◆ THE TASK ◆
Retype each entry verbatim. Do not include the images.

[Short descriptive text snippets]
--- START ---

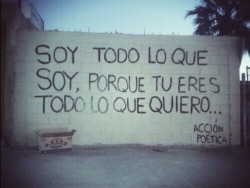 accion–poetica:  Soy todo lo que soy, porque tú eres todo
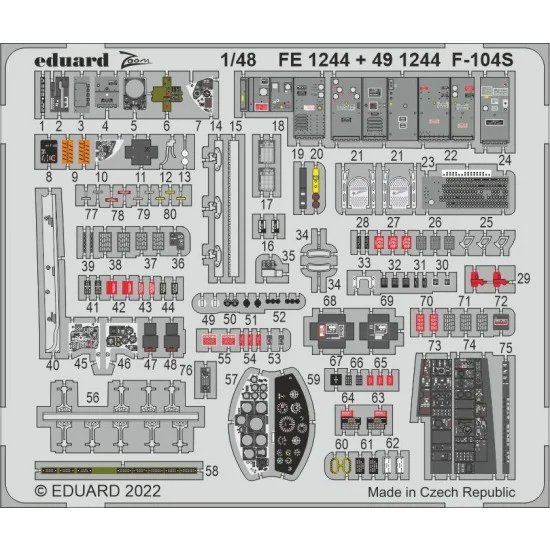 Eduard FE1244 1/48 Aeritalia F-104S Starfighter Detail set for Kinetic kits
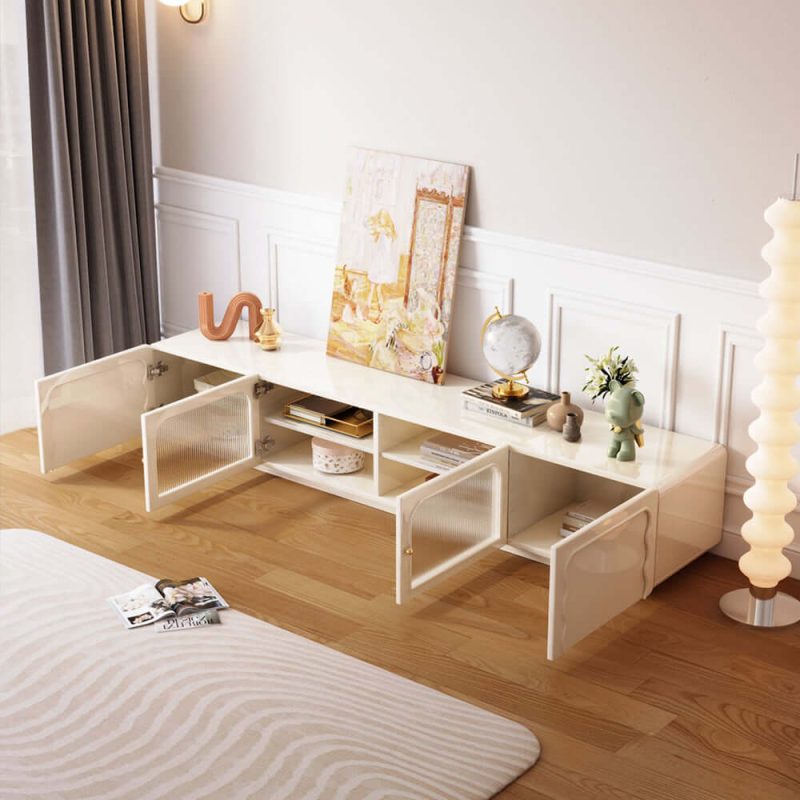 JASIWAY Rectangle Beige 78.7" TV Stand with 4 Doors & Storages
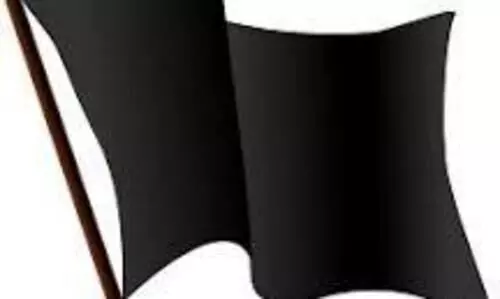 black flag infront of congress office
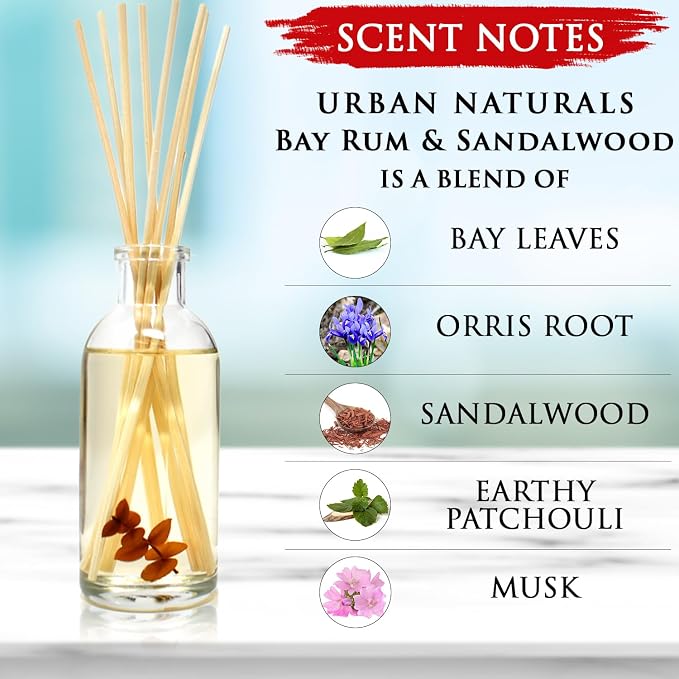 Urban Naturals Reed Diffuser Set, Bay Rum & Sandalwood - Bathroom Décor | Powdery Bay Rum, Earthy Patchouli & Musk, A bold, spicy, Masculine scent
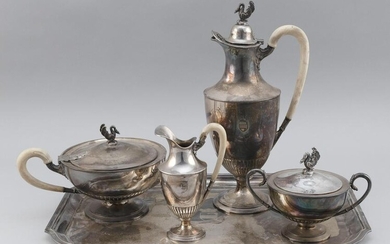 CONTINENTAL .835 SILVER FIVE-PIECE TEA AND COFFEE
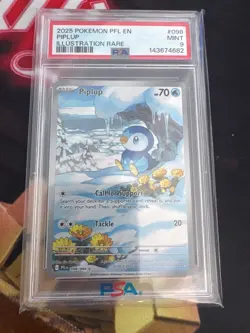 PIPLUP 098/094 Illustration Rare 2025 Pokemon Phantasmal Flames PSA 9 Mint - Image 1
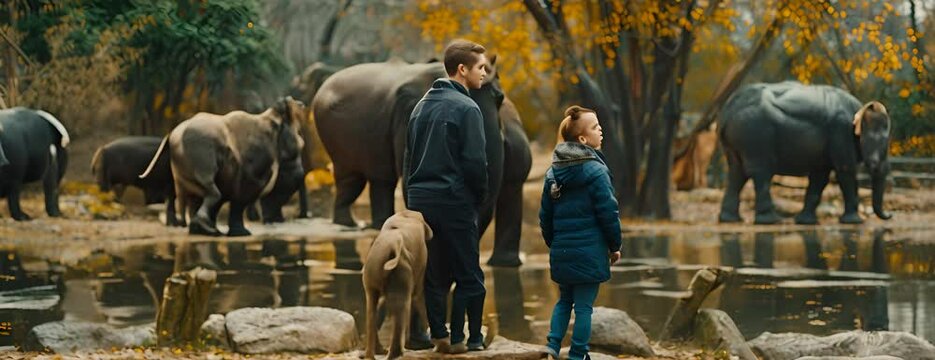 Family visiting a zoo for National Animal Shelter Appreciation Week, November 7th, learning about and supporting shelters, 4K hyperrealistic photo. 4K Video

--- END ---

◆ COMPLETED EXERCISE ◆
 accion–poetica:  Soy todo lo que soy, porque tú eres todo
 Eduard FE1244 1/48 Aeritalia F-104S Starfighter Detail set for Kinetic kits
 JASIWAY Rectangle Beige 78.7" TV Stand with 4 Doors & Storages
 black flag infront of congress office
 Urban Naturals Reed Diffuser Set, Bay Rum & Sandalwood - Bathroom Décor | Powdery Bay Rum, Earthy Patchouli & Musk, A bold, spicy, Masculine scent
 CONTINENTAL .835 SILVER FIVE-PIECE TEA AND COFFEE
 PIPLUP 098/094 Illustration Rare 2025 Pokemon Phantasmal Flames PSA 9 Mint - Image 1
 Family visiting a zoo for National Animal Shelter Appreciation Week, November 7th, learning about and supporting shelters, 4K hyperrealistic photo. 4K Video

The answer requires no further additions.